La recuperación del Mar Menor sigue en un punto muerto financiero. Aunque se anunció una importante partida económica, el dinero no ha llegado de forma efectiva para los proyectos urgentes. Los ciudadanos observamos con preocupación este retraso, pero también con escepticismo. Existe un miedo fundado a que, cuando finalmente se desbloquee, su gestión siga los patrones de opacidad e ineficacia que han lastrado anteriores intervenciones en la laguna.
Monitorización y transparencia mediante blockchain en la gestión de fondos 🔍
Una solución técnica para generar confianza podría ser un sistema de trazabilidad basado en blockchain. Cada euro del fondo se tokenizaría, creando un registro inmutable y público de su recorrido. Los contratos inteligentes liberarían los pagos solo al verificar hitos objetivos, como la plantación de una hectárea de filtro verde o la instalación de sensores. Esta auditoría automática reduciría la discrecionalidad y permitiría a cualquier ciudadano rastrear la ejecución en tiempo real.
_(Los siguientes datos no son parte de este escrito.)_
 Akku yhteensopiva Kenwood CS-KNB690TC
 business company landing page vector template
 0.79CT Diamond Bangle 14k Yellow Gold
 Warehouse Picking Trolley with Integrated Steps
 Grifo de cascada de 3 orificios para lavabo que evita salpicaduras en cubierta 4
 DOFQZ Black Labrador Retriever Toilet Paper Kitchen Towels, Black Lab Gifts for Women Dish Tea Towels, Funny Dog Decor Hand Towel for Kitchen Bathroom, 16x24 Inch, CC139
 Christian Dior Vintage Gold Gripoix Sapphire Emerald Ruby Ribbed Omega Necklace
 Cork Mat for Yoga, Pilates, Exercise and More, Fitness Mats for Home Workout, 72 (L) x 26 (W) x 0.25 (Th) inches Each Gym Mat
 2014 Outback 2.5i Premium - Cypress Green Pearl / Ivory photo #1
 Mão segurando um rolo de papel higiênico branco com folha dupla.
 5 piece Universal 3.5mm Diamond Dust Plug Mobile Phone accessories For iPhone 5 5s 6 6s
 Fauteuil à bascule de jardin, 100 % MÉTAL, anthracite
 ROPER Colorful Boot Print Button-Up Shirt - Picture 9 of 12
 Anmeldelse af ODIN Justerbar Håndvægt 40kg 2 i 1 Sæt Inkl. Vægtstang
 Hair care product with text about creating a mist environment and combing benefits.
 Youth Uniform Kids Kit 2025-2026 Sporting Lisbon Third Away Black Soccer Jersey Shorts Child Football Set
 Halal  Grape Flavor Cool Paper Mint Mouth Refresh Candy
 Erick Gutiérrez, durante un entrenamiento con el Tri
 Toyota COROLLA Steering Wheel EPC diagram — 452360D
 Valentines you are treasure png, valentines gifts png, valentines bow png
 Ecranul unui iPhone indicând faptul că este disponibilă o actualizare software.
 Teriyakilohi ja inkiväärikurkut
El síndrome del cenicero de oro para la albufera 💎
Parece que tenemos una tendencia regional a diseñar ceniceros de oro para problemas que requieren un cubo y una fregona. Mientras discutimos la talla del diamante para el pulsador del desagüe, la bañera sigue desbordándose. Quizás deberíamos empezar por comprar la fregona, que es más barata, y dejar el oro para cuando demostremos que sabemos evitar que el agua se vuelva verde. Al final, el mayor proyecto de ingeniería social será lograr que un euro compre un euro de mejora real.